Dara terdiam, melihat semuntung penuh, nasi serta lauk dalam piringnya. Kemudian tersenyum, memandang bibi pengurus rumah yang terlihat sudah cukup berumur.

"Dara ambil uang dulu ya, Bi. Doain Dara cepat dapat kerja lagi. Nanti gaji pertama, Dara traktir Bibi makan enak."

Melangkah dengan penuh haru kembali ke kamar, moment itu berhasil diabadikan oleh seseorang. Foto Dara dengan senyum bahagia dia abadikan dalam kamera ponselnya. Seolah menjadi pengagum rahasia, senyum bahagia itu menulur kepadanya.

"Gadis bodoh."

***

Menghentikan motor yang dia kendarai, Dante membuka kaca helmnya. Sambil melihat ke arah dalam, suasana rumah ini terlihat sangat sepi sekalipun banyak motor dan mobil terparkir di dalam garasi.

Sembari mengeluarkan ponsel dari saku celana jeansnya, Dante berusaha menghubungi seseorang dengan ponselnya.

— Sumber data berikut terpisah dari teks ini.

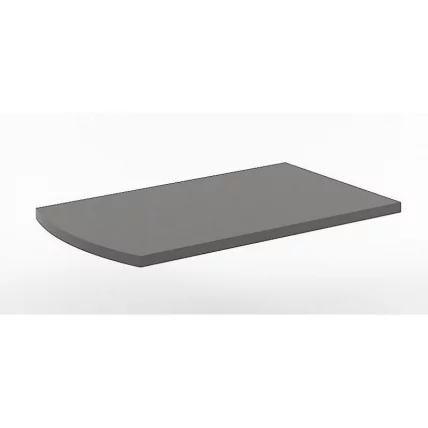 Брифинг -приставка В301 Венге Магия_0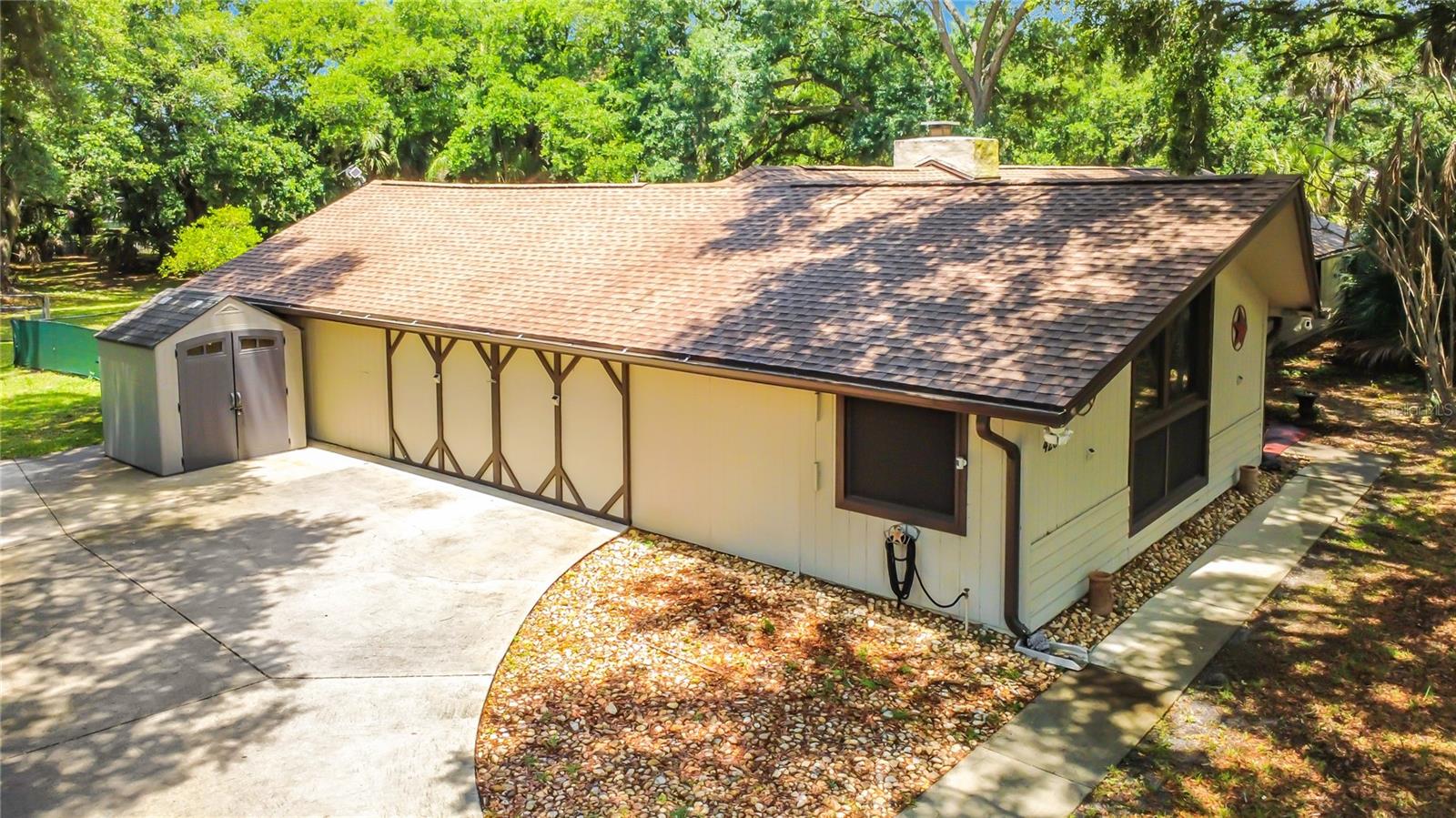 420 NINA RD NE, PALM BAY, FL, 32907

Sekalipun Dante yakin sambungan teleponnya tidak akan digubris kembali oleh orang itu, tapi dia tidak akan mudah menyerah.

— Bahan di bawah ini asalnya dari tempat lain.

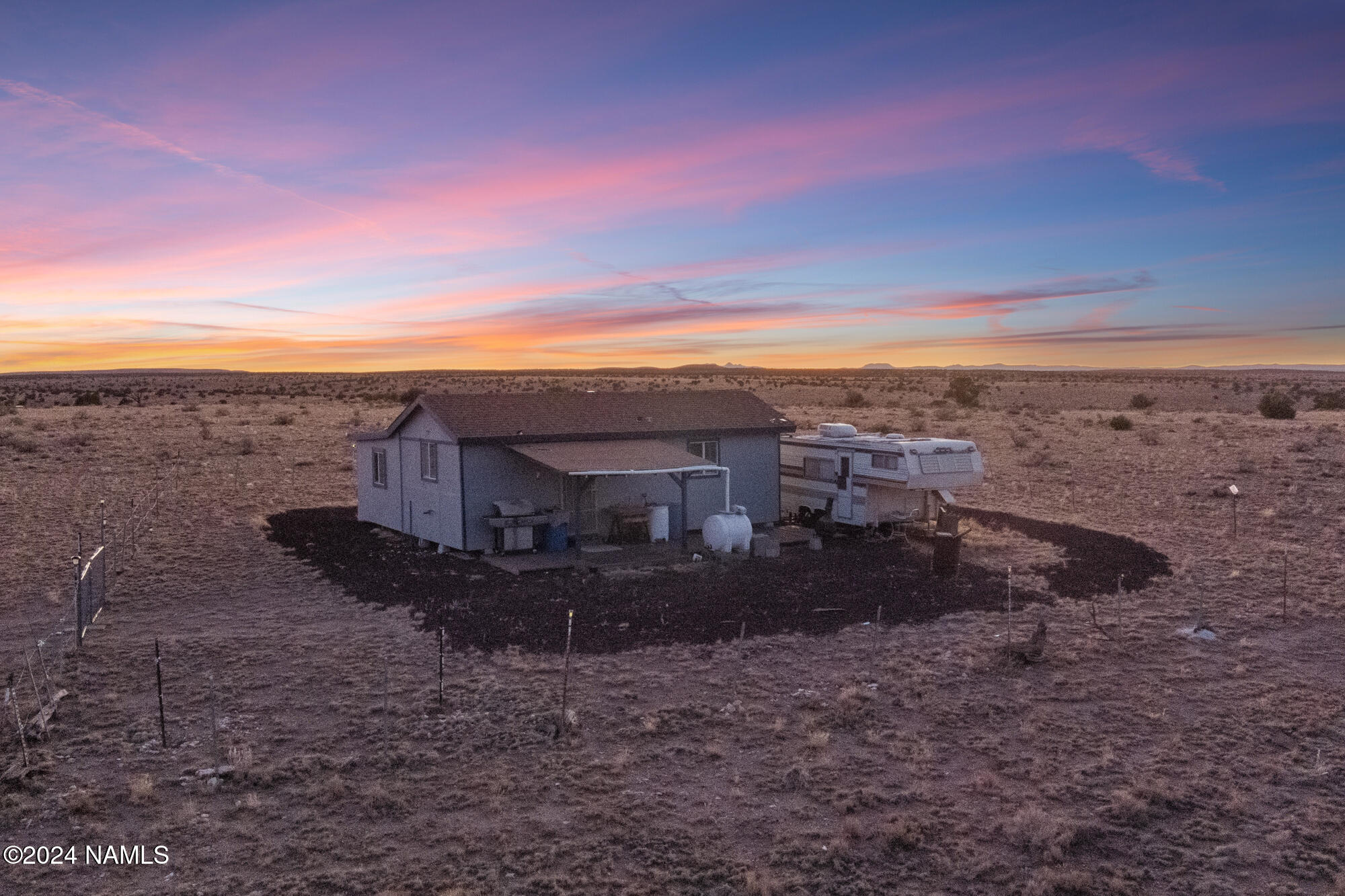 8509 West Thunder Valley Road, Unit 921 Williams, AZ 86046 - Photo 30 of 40 MAX_0050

Buktinya malam ini dia berhasil mendatangi rumah yang dijadikan tempat tinggal oleh orang itu.

"Sial. Dia sengaja enggak ngangkat!!"

Mengamuk tidak terima, Dante melepaskan helm fullface, dan menyimpannya di atas body motor sport bagian depan. Tatapannya masih penasaran dan terus tertuju ke dalam rumah besar ini.

Beberapa saat tidak mendapatkan jawaban, Dante mulai memarkirkan motornya dengan benar. Kemudian dia bergerak, memantau gerak gerik yang terjadi di dalam rumah besar ini. Awalnya terlihat sangat sepi. Tanpa suara apapun yang bisa terdengar di telinganya.

Namun perlahan dia dengar suara seorang perempuan, berteriak, seolah sedang memberikan reward kepada seseorang.

"IYA. PASTI, BI. NANTI AKU BELIIN APAPUN YANG BIBI MAU. DOAIN BISA KERJA LAGI POKOKNYA."

Terpaku di tempat, dari balik pagar tinggi ini, Dante melihat siluet perempuan bergerak. Dan melangkah ke lantai atas melalui tangga yang berada tepat di depan sebuah jendela besar.

Dante memang tidak bisa melihat secara jelas bentuk wajah perempuan itu. Namun dari ukuran tubuhnya Dante menebak jika perempuan itu seusia dengan adiknya.

"Ini rumah kost anak-anak kayaknya? Kenapa anak SMP ada di rumah ini juga?"